- [What is required] Find the line that contains "Hokejová výbava - 3" in the entries below. Restate it and every line after it, word for word, with no pictures.

Input material section start

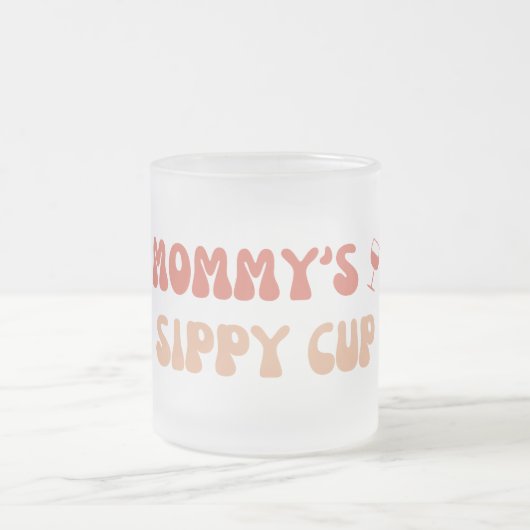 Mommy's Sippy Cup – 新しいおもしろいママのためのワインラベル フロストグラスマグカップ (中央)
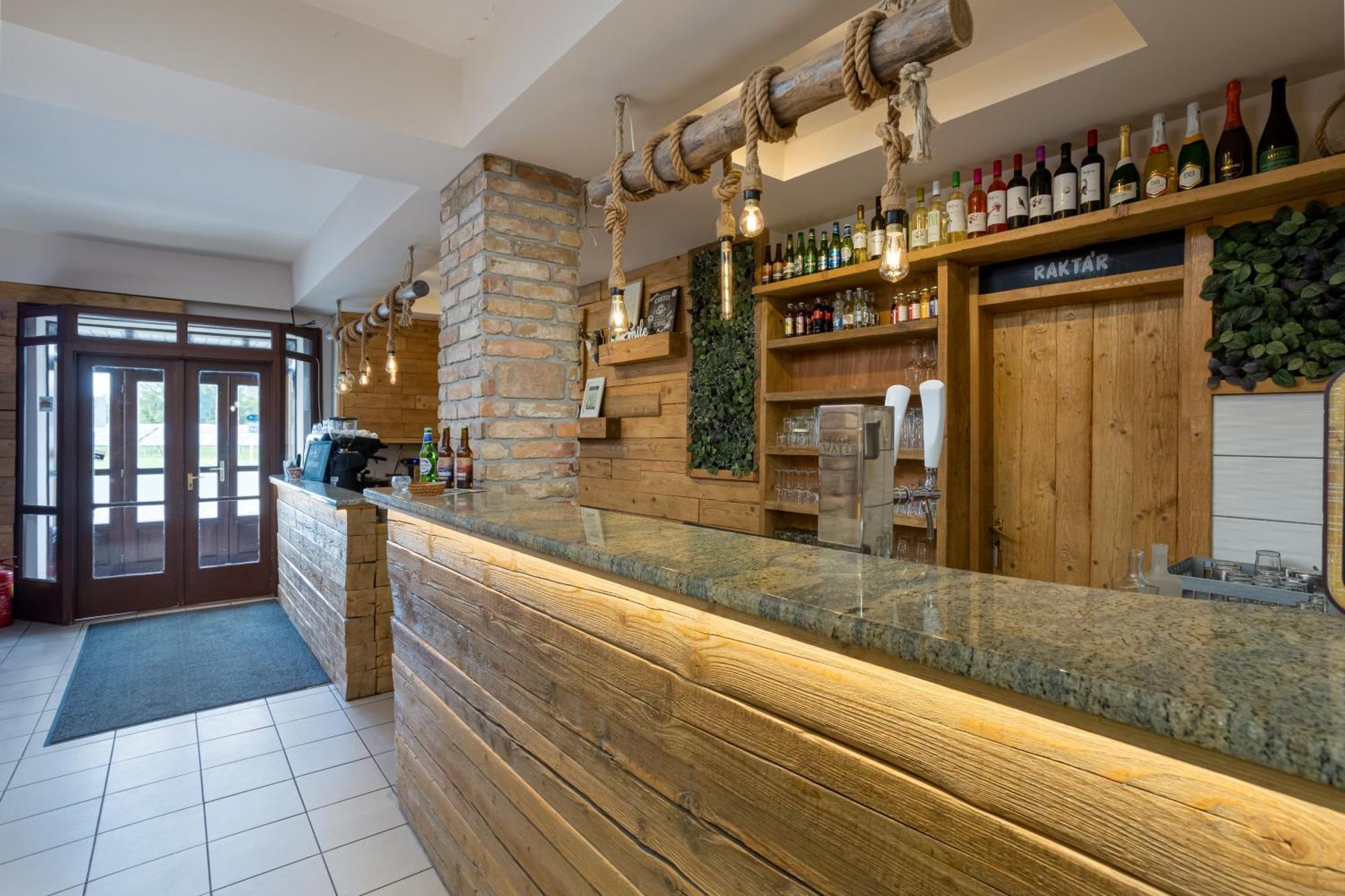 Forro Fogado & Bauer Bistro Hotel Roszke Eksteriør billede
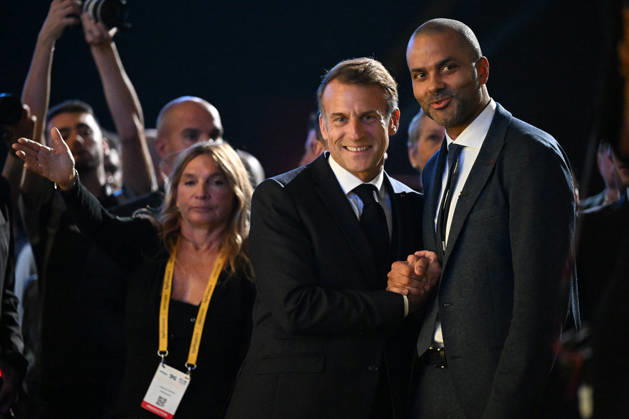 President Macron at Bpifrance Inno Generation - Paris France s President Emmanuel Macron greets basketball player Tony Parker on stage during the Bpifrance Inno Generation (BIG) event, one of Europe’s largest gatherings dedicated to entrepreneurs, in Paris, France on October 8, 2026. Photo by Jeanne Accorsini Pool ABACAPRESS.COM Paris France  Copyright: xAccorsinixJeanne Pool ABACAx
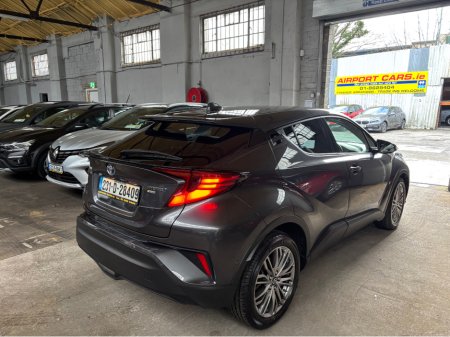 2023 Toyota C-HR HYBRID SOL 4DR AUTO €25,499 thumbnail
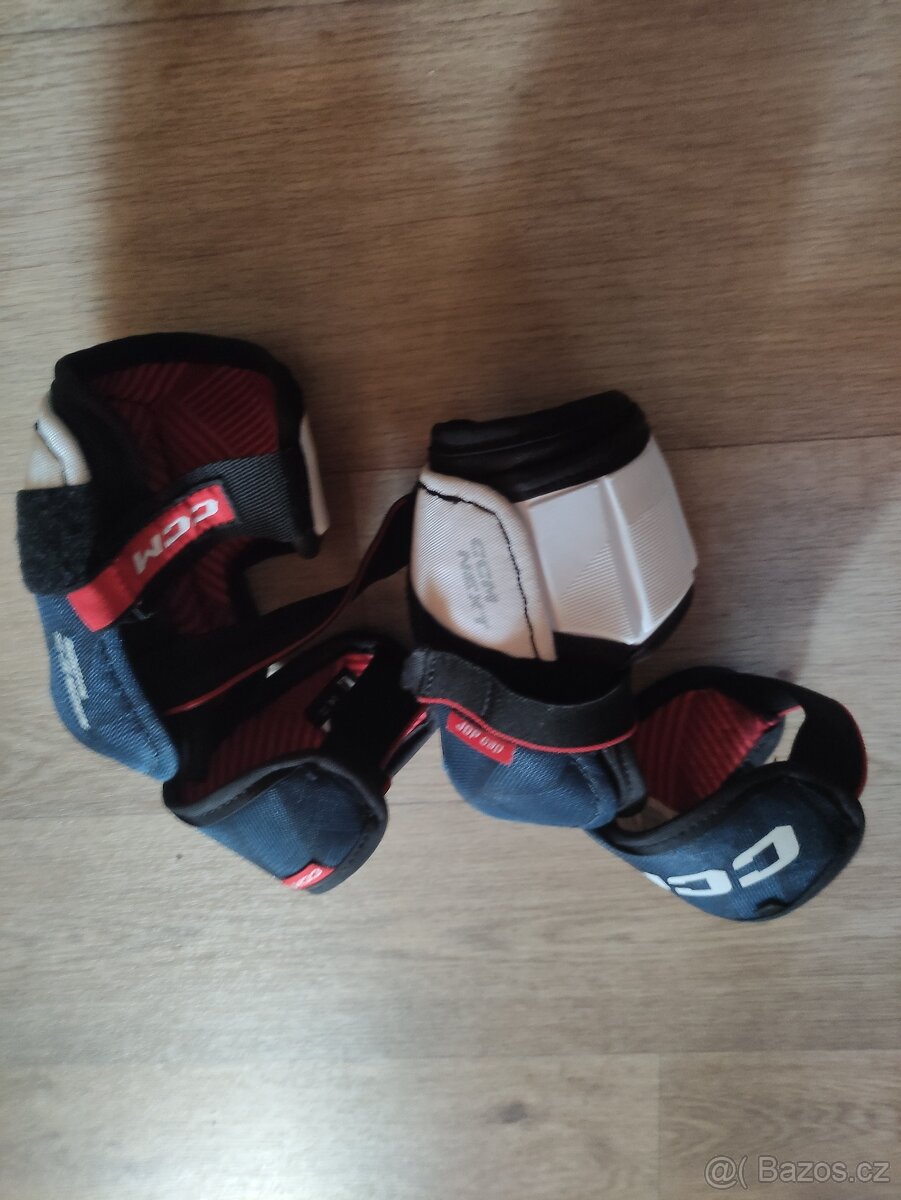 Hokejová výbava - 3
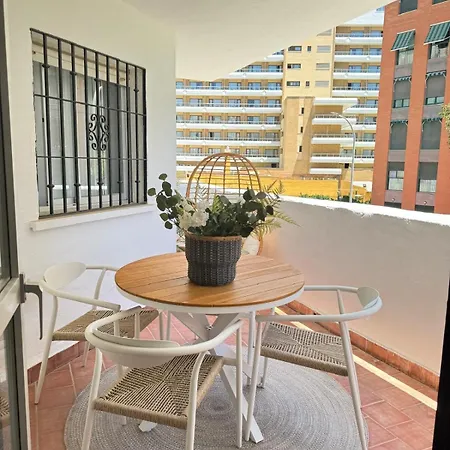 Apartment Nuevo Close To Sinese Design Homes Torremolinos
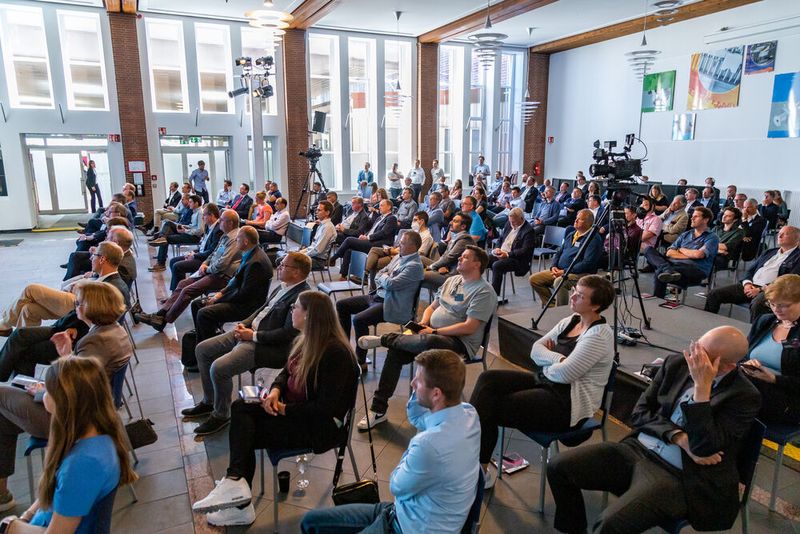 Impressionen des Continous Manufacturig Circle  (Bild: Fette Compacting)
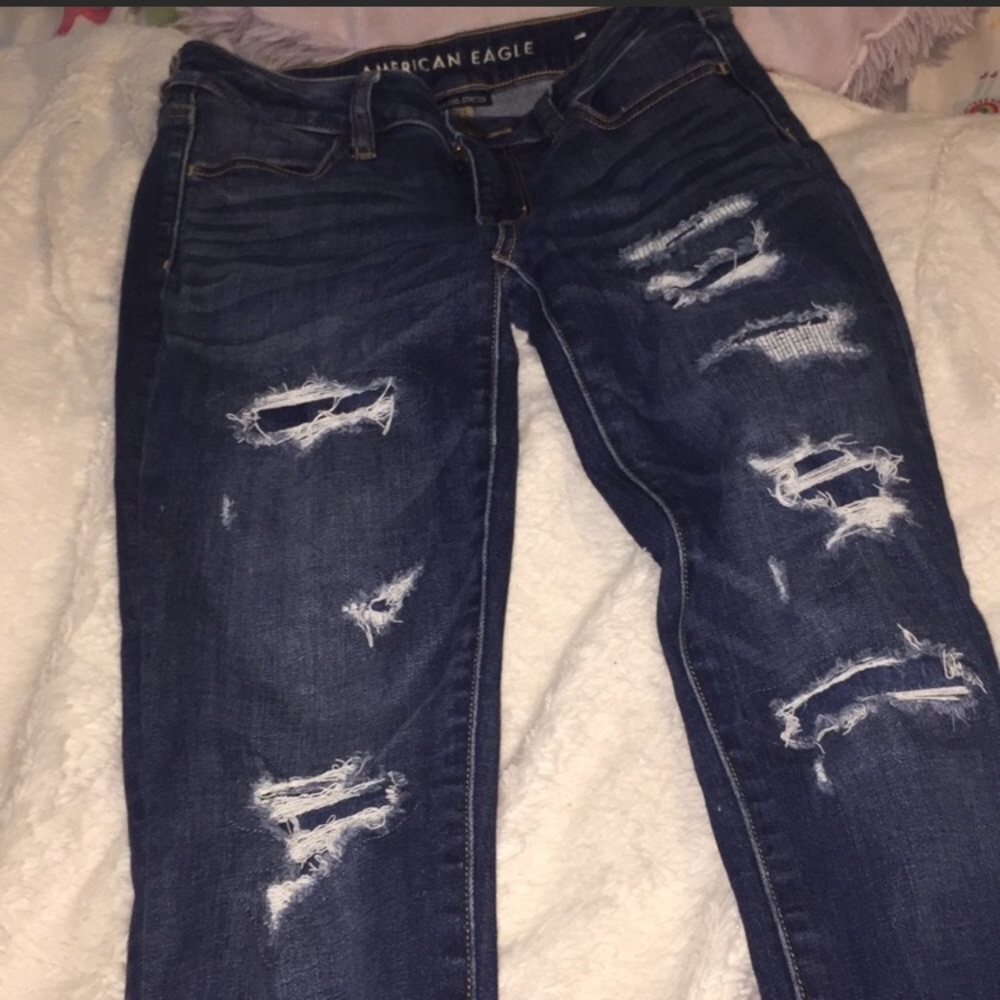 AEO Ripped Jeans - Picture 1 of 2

Input material section end

- [Answer box]
 Hokejová výbava - 3
 Apartment Nuevo Close To Sinese Design Homes Torremolinos
 Impressionen des Continous Manufacturig Circle  (Bild: Fette Compacting)
 AEO Ripped Jeans - Picture 1 of 2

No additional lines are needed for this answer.